Marco de Vincenzo RTW Fall 2015

The show had a faint Seventies vibe, but modernized to the hilt.

Marco de Vincenzo locked onto Lurex long before it became a huge fall/winter trend in Europe. He continued to find new ways to make it exciting in a show that marked another step forward for this promising talent.

Lurex tube dresses in test-pattern stripes — a motif that reappeared on cable-knit sweaters and sunglasses — were simple and arresting. While known for his dense decoration and intensive fabric research, here it was rendered with a light hand, as in mohair embroideries resembling molecules patched on gauzy knits, or reflective beads trimming organza dusters worn over more rainbow-patterned Lurex.

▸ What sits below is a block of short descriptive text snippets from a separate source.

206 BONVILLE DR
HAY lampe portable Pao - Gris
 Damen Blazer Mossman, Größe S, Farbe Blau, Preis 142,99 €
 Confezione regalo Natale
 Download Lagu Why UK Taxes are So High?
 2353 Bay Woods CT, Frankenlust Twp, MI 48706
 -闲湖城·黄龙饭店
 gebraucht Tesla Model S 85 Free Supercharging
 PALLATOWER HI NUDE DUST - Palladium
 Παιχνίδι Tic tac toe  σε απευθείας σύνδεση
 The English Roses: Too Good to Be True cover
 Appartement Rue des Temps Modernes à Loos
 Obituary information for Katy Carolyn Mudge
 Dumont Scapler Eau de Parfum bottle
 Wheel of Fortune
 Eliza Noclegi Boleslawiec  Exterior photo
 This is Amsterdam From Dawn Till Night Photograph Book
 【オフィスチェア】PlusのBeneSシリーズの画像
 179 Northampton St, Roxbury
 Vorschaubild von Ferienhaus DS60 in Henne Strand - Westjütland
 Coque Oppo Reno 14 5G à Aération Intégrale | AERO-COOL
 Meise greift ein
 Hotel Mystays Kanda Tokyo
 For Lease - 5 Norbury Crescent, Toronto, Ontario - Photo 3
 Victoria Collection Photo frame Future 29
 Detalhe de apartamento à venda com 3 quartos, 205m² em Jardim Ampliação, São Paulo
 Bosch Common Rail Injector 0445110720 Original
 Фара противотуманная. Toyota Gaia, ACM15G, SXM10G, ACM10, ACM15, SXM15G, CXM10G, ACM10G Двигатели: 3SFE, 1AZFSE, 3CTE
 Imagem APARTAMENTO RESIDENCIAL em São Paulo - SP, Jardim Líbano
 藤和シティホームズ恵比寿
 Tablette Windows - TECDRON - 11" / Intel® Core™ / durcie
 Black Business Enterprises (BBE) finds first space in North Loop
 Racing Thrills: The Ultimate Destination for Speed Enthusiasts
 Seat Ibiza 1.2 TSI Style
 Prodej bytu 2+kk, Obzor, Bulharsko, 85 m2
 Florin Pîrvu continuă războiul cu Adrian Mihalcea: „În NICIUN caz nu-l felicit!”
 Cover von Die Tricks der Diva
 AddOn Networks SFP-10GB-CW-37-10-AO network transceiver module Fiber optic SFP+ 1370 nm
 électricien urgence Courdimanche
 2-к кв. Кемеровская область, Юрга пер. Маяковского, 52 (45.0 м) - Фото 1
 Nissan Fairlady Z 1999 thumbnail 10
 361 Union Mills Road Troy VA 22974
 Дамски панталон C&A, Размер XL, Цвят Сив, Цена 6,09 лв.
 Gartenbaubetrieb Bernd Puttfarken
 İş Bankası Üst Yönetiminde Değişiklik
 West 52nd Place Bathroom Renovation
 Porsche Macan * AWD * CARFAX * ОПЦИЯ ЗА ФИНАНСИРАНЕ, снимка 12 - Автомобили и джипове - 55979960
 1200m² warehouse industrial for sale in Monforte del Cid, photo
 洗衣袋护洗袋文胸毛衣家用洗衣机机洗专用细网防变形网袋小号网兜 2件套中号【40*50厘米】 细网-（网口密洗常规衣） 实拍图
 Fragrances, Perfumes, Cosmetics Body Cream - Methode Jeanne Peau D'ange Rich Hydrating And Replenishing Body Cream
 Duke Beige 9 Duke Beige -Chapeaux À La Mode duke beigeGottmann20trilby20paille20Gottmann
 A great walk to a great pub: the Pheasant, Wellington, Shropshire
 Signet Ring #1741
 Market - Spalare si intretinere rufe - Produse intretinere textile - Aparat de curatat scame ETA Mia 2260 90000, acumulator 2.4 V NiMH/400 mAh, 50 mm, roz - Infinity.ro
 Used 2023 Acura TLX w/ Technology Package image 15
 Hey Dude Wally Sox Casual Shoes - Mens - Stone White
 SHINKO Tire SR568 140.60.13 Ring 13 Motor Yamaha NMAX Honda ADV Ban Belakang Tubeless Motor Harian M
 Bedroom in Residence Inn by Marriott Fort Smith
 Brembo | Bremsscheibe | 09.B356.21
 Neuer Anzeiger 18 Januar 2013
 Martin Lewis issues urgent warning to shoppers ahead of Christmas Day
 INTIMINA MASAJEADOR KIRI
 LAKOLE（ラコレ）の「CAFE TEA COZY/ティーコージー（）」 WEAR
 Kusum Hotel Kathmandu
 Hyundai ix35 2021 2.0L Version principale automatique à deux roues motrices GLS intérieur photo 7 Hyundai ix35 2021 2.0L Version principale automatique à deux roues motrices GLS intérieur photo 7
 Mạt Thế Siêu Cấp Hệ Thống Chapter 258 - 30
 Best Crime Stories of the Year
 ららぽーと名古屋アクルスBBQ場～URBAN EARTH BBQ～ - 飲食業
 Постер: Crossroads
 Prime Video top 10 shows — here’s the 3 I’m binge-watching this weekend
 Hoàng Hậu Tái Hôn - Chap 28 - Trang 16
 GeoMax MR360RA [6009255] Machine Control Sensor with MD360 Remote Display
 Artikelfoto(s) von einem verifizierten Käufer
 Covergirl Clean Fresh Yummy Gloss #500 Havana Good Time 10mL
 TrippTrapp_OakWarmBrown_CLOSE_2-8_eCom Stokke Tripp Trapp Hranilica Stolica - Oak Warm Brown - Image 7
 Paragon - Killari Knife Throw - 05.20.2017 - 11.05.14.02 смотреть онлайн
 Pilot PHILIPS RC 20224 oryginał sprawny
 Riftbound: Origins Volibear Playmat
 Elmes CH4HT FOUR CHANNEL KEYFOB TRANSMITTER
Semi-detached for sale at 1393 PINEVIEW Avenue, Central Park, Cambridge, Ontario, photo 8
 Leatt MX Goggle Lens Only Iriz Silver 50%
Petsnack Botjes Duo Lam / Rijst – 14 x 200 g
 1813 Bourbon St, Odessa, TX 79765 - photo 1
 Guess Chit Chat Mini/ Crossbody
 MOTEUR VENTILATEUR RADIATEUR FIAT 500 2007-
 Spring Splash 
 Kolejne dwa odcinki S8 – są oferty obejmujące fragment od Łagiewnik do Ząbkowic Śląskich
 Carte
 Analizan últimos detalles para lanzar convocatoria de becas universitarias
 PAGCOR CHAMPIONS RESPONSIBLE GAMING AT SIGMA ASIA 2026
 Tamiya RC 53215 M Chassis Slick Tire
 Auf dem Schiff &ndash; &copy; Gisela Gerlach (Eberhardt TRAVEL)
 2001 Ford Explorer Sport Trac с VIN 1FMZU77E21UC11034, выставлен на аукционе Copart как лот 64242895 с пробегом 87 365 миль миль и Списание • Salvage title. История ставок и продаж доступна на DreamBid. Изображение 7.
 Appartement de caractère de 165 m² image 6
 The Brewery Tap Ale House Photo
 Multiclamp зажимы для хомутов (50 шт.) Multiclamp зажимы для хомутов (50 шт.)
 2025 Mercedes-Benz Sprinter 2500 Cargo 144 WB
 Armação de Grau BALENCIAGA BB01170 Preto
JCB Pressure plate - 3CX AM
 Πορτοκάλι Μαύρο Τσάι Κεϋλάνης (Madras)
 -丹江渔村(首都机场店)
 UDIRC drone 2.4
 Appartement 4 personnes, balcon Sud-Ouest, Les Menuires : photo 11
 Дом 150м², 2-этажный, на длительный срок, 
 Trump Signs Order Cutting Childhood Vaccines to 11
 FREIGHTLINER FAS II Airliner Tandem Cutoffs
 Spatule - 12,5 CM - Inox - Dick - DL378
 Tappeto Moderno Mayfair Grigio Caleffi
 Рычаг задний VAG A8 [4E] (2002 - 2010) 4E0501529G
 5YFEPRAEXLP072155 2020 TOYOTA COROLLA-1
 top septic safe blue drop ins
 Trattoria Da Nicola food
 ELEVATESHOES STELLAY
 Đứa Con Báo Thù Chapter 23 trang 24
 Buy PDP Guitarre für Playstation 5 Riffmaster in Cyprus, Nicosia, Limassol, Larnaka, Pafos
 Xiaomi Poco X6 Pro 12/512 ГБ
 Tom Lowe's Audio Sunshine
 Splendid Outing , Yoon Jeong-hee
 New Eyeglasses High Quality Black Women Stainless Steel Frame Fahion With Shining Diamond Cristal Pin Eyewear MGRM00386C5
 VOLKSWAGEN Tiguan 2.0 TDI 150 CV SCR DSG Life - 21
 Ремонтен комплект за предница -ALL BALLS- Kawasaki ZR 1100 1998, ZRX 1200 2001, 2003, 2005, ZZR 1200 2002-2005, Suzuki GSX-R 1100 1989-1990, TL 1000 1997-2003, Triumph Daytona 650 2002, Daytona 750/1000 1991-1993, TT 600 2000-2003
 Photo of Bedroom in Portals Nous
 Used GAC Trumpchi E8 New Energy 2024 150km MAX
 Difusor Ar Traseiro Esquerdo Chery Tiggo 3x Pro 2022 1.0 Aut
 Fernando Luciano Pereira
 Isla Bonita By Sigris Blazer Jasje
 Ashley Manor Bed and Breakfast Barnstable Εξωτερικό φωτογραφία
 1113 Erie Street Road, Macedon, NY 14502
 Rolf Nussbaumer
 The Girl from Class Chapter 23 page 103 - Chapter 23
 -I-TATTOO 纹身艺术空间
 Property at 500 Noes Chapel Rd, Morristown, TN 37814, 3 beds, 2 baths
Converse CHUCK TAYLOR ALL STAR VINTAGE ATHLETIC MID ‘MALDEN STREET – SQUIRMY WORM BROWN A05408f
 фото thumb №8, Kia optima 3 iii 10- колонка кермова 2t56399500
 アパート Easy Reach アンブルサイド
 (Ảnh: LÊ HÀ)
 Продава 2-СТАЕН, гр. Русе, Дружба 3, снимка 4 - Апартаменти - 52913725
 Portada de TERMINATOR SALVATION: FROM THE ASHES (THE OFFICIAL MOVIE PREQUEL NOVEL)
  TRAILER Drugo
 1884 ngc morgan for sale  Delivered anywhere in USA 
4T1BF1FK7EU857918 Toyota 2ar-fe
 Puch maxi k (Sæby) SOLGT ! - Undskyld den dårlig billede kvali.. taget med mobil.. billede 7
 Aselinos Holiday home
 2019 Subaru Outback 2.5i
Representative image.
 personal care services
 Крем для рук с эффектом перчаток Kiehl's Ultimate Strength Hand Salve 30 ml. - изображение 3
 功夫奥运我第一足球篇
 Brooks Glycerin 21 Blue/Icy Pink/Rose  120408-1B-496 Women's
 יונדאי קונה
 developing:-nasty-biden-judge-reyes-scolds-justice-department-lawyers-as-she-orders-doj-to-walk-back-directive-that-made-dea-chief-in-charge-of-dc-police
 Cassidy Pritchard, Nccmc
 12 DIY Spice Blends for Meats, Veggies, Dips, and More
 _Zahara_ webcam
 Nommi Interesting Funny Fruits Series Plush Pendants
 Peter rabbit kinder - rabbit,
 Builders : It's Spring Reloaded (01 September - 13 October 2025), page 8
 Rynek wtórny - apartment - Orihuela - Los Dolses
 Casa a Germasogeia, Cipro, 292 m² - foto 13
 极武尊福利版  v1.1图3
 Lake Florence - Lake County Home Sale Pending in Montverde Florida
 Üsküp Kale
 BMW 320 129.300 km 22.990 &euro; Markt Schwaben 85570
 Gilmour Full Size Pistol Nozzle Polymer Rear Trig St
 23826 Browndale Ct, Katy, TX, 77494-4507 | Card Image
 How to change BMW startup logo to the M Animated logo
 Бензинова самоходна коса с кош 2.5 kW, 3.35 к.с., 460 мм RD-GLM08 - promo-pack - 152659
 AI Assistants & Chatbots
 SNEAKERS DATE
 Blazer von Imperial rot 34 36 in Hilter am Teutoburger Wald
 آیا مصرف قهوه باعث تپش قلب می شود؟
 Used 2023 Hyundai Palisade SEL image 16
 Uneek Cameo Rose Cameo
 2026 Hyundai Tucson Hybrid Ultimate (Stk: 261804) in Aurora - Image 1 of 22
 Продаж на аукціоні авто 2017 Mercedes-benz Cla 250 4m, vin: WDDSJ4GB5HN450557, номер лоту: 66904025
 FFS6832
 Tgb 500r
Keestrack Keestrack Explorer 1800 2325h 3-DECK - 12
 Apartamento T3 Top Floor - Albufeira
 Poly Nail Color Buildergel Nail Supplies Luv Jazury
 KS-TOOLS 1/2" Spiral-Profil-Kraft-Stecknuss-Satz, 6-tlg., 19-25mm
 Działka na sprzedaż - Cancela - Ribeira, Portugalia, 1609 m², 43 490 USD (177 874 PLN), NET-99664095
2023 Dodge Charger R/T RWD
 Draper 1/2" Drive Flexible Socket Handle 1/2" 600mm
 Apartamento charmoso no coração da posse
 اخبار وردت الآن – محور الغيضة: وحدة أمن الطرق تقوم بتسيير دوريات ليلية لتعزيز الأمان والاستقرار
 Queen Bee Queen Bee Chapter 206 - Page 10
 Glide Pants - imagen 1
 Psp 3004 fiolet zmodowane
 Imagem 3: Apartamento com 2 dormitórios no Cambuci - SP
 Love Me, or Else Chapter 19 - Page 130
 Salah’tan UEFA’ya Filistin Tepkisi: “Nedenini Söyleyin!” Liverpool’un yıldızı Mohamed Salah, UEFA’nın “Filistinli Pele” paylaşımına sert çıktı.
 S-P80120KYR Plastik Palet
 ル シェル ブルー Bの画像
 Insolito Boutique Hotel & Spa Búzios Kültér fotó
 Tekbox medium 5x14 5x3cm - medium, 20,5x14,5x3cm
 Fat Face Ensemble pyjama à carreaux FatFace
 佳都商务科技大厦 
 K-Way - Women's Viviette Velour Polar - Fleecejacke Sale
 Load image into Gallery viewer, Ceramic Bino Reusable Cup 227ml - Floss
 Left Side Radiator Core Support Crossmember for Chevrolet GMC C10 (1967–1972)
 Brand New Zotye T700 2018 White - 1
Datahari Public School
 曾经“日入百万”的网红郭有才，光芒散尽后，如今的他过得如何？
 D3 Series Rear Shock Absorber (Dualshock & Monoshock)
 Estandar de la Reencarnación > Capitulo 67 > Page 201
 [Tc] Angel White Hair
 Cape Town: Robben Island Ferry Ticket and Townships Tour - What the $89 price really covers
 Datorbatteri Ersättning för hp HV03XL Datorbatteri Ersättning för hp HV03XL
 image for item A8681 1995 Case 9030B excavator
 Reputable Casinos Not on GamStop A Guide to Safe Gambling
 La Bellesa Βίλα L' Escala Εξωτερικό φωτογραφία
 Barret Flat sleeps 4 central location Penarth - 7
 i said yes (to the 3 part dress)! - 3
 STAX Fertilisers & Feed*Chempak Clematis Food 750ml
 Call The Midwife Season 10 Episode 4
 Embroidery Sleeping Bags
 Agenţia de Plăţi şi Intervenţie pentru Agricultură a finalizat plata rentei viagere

The show had a faint Seventies vibe, but modernized to the hilt. Acid colors streaked patchwork denim coats and culottes, while glossy plastic decorated the clipped wool of beefy shearlings, either as an allover motif or on the big, lobe-like collars.

While de Vincenzo’s clothes skew dressy, perfect for his nightclub-like show set, the designer also included pert parkas and dramatic capes, the seams traced in colorful silk fringe. Before they hit the catwalk, models passed through a mirrored corridor that reflected them in multiple, a nifty installation that summed up the designer’s knack for visual magic.